Congress was given power by the Constitution “to establish post-offices and post-roads.” There had been a postal service in the colonies before the Revolution. During the Revolution Benjamin Franklin was made Postmaster General, and he made the service as effective as it could well be made under the conditions that existed in those times. The plan that he devised was continued after the Constitution was adopted. In those days mails were sent from New York to Boston and to Philadelphia two or three times a week. They were carried on horseback or by stage and by boat. Sometimes a month was consumed by a trip that can now be made in a half-day. Postage cost from six cents to twenty-five cents for each letter, according to the distance it was carried, and had to be paid in cash in advance. Postage stamps were not introduced until 1847. Often mail was allowed to accumulate until there was enough to pay for the trip. The isolation of a remote rural community can well be imagined where the difficulties of communication were so great, and where the scarcity of money made postage an important item.
RURAL MAIL ROUTES
In 1918 there were 54,345 post-offices in the United States managed by the Post-Office Department at Washington, besides nearly 600 in the Philippines managed by the war Department, and a few in the Panama Canal Zone. Of the 3030 counties in the United States, 3008 had rural mail routes aggregating more than a million miles in extent, serving more than 6 million families, and costing for operation more than 53 million dollars. This cost, however amounts to only about $1.90 for each person served, or a little more than one cent for each piece of mail handled. The aim is to make the postal service pay for itself, and in 1918 the receipts exceeded the expenditures by more than 60 million dollars.

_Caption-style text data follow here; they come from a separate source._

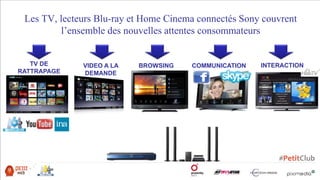 Les TV, lecteurs Blu-ray et Home Cinema connectés Sony couvrent
l’ensemble des nouvelles attentes consommateurs
BROWSING COMMUNICATION INTERACTIONTV DE
RATTRAPAGE
VIDEO A LA
DEMANDE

SPECIAL SERVICES OF THE POST-OFFICE DEPARTMENT
The Post-Office Department not only provides for the transportation of ordinary mail, but through its post-offices it sells money orders for the transmission of money safely through the mails; it operates the parcel post by which merchandise may be transported, including farm produce of many kinds; it administers the postal savings system. One of the interesting divisions of the Post-Office Department is the Division of Dead Letters, to which is returned all mail that fails to reach its destination. In 1918 there were returned to the Dead-Letter Division 14,451,953 pieces of mail. In these “dead letters” there were drafts, checks, money orders, and loose money, amounting to $4,194,839.68. The failure of this mail to reach its proper destination is due in very large measure to carelessness in addressing and to failure to place on the envelope or package a return address. A great deal of loss and inconvenience could be avoided, and much labor and expense saved for the postal service, if every one would see that every piece of mail sent out is properly addressed and stamped, and has a return address in the upper left-hand corner.